(Beginning of Task inputs)

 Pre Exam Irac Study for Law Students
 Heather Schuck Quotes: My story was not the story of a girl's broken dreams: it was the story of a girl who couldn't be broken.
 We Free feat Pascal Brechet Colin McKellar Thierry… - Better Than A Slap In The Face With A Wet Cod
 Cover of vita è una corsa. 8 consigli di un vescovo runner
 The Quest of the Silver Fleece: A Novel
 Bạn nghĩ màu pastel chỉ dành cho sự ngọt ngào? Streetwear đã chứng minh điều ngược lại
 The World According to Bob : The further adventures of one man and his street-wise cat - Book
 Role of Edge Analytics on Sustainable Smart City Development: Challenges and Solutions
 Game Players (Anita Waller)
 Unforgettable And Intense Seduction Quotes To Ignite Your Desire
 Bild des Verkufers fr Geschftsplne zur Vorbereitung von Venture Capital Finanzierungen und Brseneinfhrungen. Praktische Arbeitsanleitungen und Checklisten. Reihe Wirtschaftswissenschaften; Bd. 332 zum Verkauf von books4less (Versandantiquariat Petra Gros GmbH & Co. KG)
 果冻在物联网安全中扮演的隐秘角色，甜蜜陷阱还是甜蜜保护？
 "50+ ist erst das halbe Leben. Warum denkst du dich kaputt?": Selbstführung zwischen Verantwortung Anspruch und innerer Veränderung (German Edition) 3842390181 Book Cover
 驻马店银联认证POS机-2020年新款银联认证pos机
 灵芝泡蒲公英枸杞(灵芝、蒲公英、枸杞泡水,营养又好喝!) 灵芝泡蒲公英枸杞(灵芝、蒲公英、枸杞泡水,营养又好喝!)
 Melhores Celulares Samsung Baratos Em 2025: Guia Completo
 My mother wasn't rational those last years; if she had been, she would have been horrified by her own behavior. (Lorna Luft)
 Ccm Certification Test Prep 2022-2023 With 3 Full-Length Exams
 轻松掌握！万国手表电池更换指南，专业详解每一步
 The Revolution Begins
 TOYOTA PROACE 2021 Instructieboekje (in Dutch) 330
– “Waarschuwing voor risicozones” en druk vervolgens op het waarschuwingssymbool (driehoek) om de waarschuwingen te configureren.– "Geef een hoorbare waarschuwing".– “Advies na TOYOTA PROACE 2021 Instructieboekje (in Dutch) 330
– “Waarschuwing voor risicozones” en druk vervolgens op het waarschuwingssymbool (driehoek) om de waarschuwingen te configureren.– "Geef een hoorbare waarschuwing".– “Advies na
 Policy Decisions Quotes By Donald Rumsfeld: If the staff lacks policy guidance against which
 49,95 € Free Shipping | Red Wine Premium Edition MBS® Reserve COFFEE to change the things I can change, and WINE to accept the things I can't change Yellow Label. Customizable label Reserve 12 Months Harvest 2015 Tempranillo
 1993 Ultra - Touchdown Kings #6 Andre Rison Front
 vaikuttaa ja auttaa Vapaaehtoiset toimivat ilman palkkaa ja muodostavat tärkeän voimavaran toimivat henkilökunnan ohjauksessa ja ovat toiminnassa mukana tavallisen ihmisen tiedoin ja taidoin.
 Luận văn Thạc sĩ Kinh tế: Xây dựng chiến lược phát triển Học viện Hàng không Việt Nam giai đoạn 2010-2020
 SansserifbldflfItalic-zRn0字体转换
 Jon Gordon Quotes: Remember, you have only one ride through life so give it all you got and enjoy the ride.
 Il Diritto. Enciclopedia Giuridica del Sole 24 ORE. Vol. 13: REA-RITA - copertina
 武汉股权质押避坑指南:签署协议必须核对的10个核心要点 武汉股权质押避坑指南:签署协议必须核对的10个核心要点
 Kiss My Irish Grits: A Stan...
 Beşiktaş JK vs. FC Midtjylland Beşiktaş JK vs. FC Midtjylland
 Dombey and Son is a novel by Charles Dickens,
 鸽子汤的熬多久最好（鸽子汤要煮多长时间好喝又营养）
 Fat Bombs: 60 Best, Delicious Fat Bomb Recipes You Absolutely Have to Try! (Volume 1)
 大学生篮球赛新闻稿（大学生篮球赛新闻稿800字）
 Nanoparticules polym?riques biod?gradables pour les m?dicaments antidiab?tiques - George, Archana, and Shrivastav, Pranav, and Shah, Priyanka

(End of Task inputs)

◆ **Task requirements**: Reproduce all of the material verbatim.

◆ **Answer space**:
 Pre Exam Irac Study for Law Students
 Heather Schuck Quotes: My story was not the story of a girl's broken dreams: it was the story of a girl who couldn't be broken.
 We Free feat Pascal Brechet Colin McKellar Thierry… - Better Than A Slap In The Face With A Wet Cod
 Cover of vita è una corsa. 8 consigli di un vescovo runner
 The Quest of the Silver Fleece: A Novel
 Bạn nghĩ màu pastel chỉ dành cho sự ngọt ngào? Streetwear đã chứng minh điều ngược lại
 The World According to Bob : The further adventures of one man and his street-wise cat - Book
 Role of Edge Analytics on Sustainable Smart City Development: Challenges and Solutions
 Game Players (Anita Waller)
 Unforgettable And Intense Seduction Quotes To Ignite Your Desire
 Bild des Verkufers fr Geschftsplne zur Vorbereitung von Venture Capital Finanzierungen und Brseneinfhrungen. Praktische Arbeitsanleitungen und Checklisten. Reihe Wirtschaftswissenschaften; Bd. 332 zum Verkauf von books4less (Versandantiquariat Petra Gros GmbH & Co. KG)
 果冻在物联网安全中扮演的隐秘角色，甜蜜陷阱还是甜蜜保护？
 "50+ ist erst das halbe Leben. Warum denkst du dich kaputt?": Selbstführung zwischen Verantwortung Anspruch und innerer Veränderung (German Edition) 3842390181 Book Cover
 驻马店银联认证POS机-2020年新款银联认证pos机
 灵芝泡蒲公英枸杞(灵芝、蒲公英、枸杞泡水,营养又好喝!) 灵芝泡蒲公英枸杞(灵芝、蒲公英、枸杞泡水,营养又好喝!)
 Melhores Celulares Samsung Baratos Em 2025: Guia Completo
 My mother wasn't rational those last years; if she had been, she would have been horrified by her own behavior. (Lorna Luft)
 Ccm Certification Test Prep 2022-2023 With 3 Full-Length Exams
 轻松掌握！万国手表电池更换指南，专业详解每一步
 The Revolution Begins
 TOYOTA PROACE 2021 Instructieboekje (in Dutch) 330
– “Waarschuwing voor risicozones” en druk vervolgens op het waarschuwingssymbool (driehoek) om de waarschuwingen te configureren.– "Geef een hoorbare waarschuwing".– “Advies na TOYOTA PROACE 2021 Instructieboekje (in Dutch) 330
– “Waarschuwing voor risicozones” en druk vervolgens op het waarschuwingssymbool (driehoek) om de waarschuwingen te configureren.– "Geef een hoorbare waarschuwing".– “Advies na
 Policy Decisions Quotes By Donald Rumsfeld: If the staff lacks policy guidance against which
 49,95 € Free Shipping | Red Wine Premium Edition MBS® Reserve COFFEE to change the things I can change, and WINE to accept the things I can't change Yellow Label. Customizable label Reserve 12 Months Harvest 2015 Tempranillo
 1993 Ultra - Touchdown Kings #6 Andre Rison Front
 vaikuttaa ja auttaa Vapaaehtoiset toimivat ilman palkkaa ja muodostavat tärkeän voimavaran toimivat henkilökunnan ohjauksessa ja ovat toiminnassa mukana tavallisen ihmisen tiedoin ja taidoin.
 Luận văn Thạc sĩ Kinh tế: Xây dựng chiến lược phát triển Học viện Hàng không Việt Nam giai đoạn 2010-2020
 SansserifbldflfItalic-zRn0字体转换
 Jon Gordon Quotes: Remember, you have only one ride through life so give it all you got and enjoy the ride.
 Il Diritto. Enciclopedia Giuridica del Sole 24 ORE. Vol. 13: REA-RITA - copertina
 武汉股权质押避坑指南:签署协议必须核对的10个核心要点 武汉股权质押避坑指南:签署协议必须核对的10个核心要点
 Kiss My Irish Grits: A Stan...
 Beşiktaş JK vs. FC Midtjylland Beşiktaş JK vs. FC Midtjylland
 Dombey and Son is a novel by Charles Dickens,
 鸽子汤的熬多久最好（鸽子汤要煮多长时间好喝又营养）
 Fat Bombs: 60 Best, Delicious Fat Bomb Recipes You Absolutely Have to Try! (Volume 1)
 大学生篮球赛新闻稿（大学生篮球赛新闻稿800字）
 Nanoparticules polym?riques biod?gradables pour les m?dicaments antidiab?tiques - George, Archana, and Shrivastav, Pranav, and Shah, Priyanka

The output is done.